• [EXERCISE PROMPT]: Return every entry below word for word and leave out any picture.

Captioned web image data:
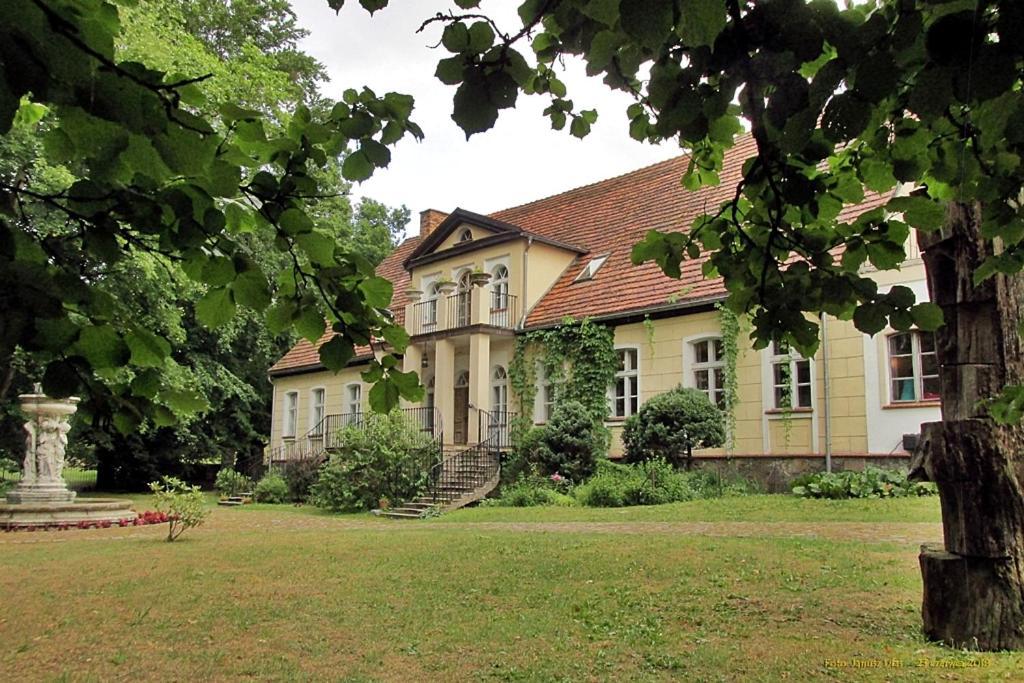 Hotel Cichy Dwor Manowo Exterior foto
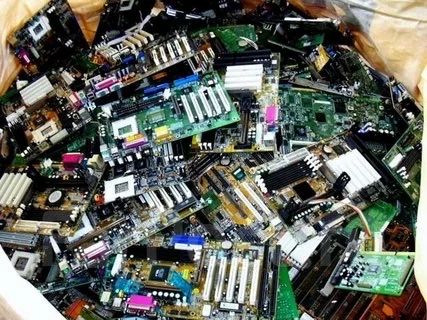 Принимаем материнские платы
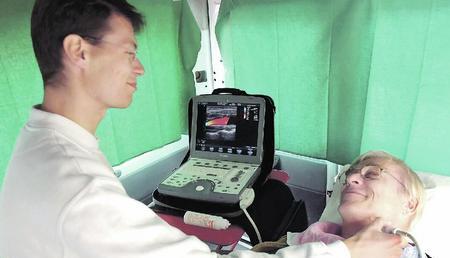 Ultraschall macht's m&ouml;glich: Dr. Urs Riemann untersucht, ob die Halsschlagader des Patienten noch frei und durchl&auml;ssig oder schon gef&auml;hrlich verengt ist. (Foto: Dittmar Dirks)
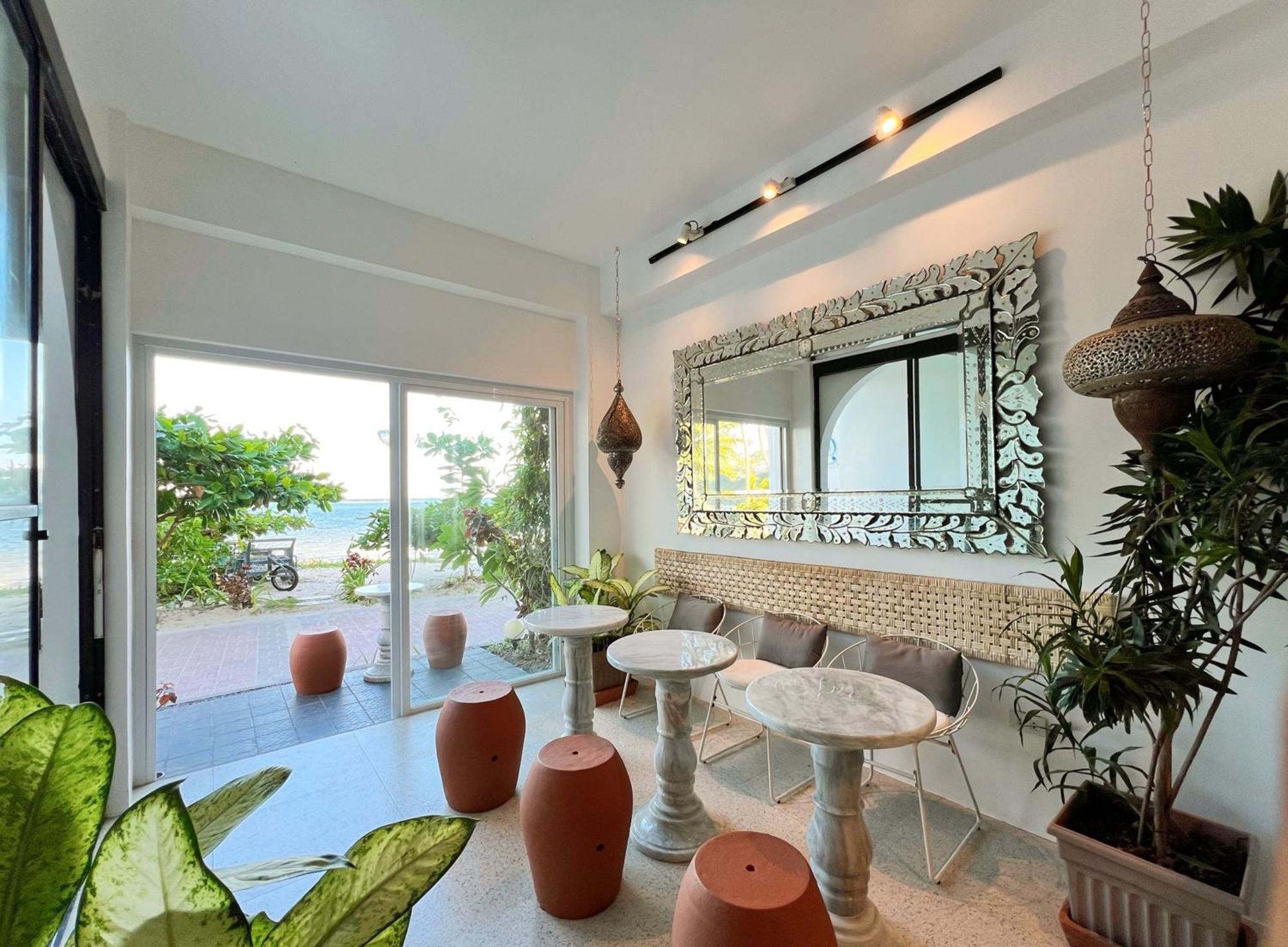 Palassa Private Residences Balabag  Exterior foto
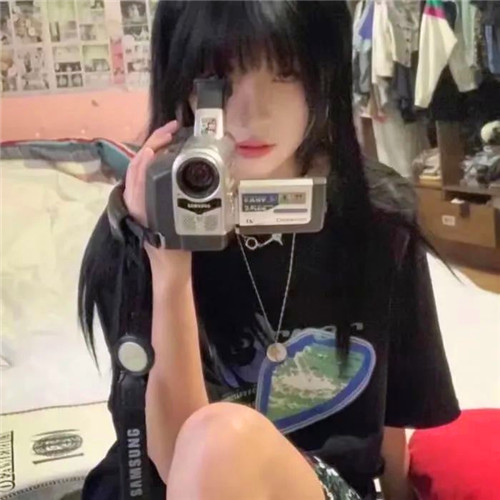 ins风高级质感女头像图片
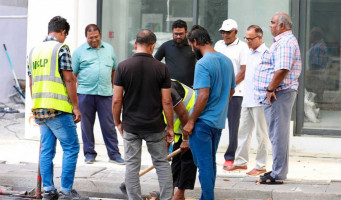 ކާނުތައް ސާފުކުރުމުގެ މަސައްކަތަށް ލޯކަލް ކައުންސިލް މިނިސްޓްރީގެ މުވައްޒަފުން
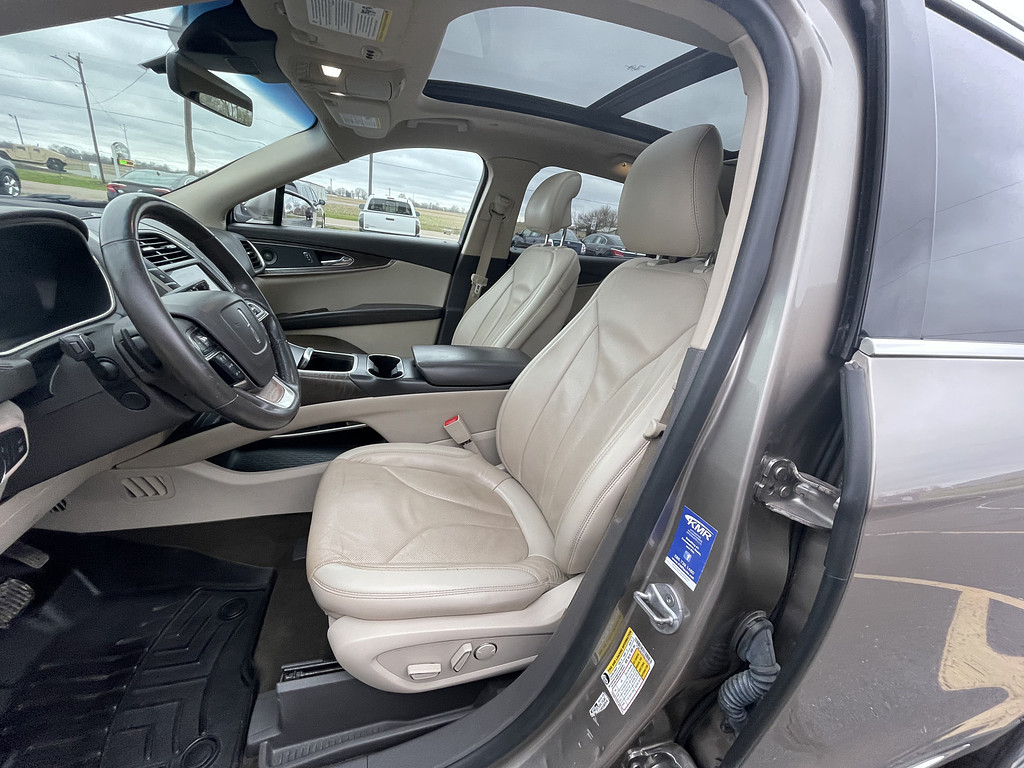 2019 Lincoln NAUTILUS RESERVE Located at Dave's GreenLight Auto Sales slide-image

• [RESULT BELOW]:
 Hotel Cichy Dwor Manowo Exterior foto
 Принимаем материнские платы
 Ultraschall macht's m&ouml;glich: Dr. Urs Riemann untersucht, ob die Halsschlagader des Patienten noch frei und durchl&auml;ssig oder schon gef&auml;hrlich verengt ist. (Foto: Dittmar Dirks)
 Palassa Private Residences Balabag  Exterior foto
 ins风高级质感女头像图片
 ކާނުތައް ސާފުކުރުމުގެ މަސައްކަތަށް ލޯކަލް ކައުންސިލް މިނިސްޓްރީގެ މުވައްޒަފުން
 2019 Lincoln NAUTILUS RESERVE Located at Dave's GreenLight Auto Sales slide-image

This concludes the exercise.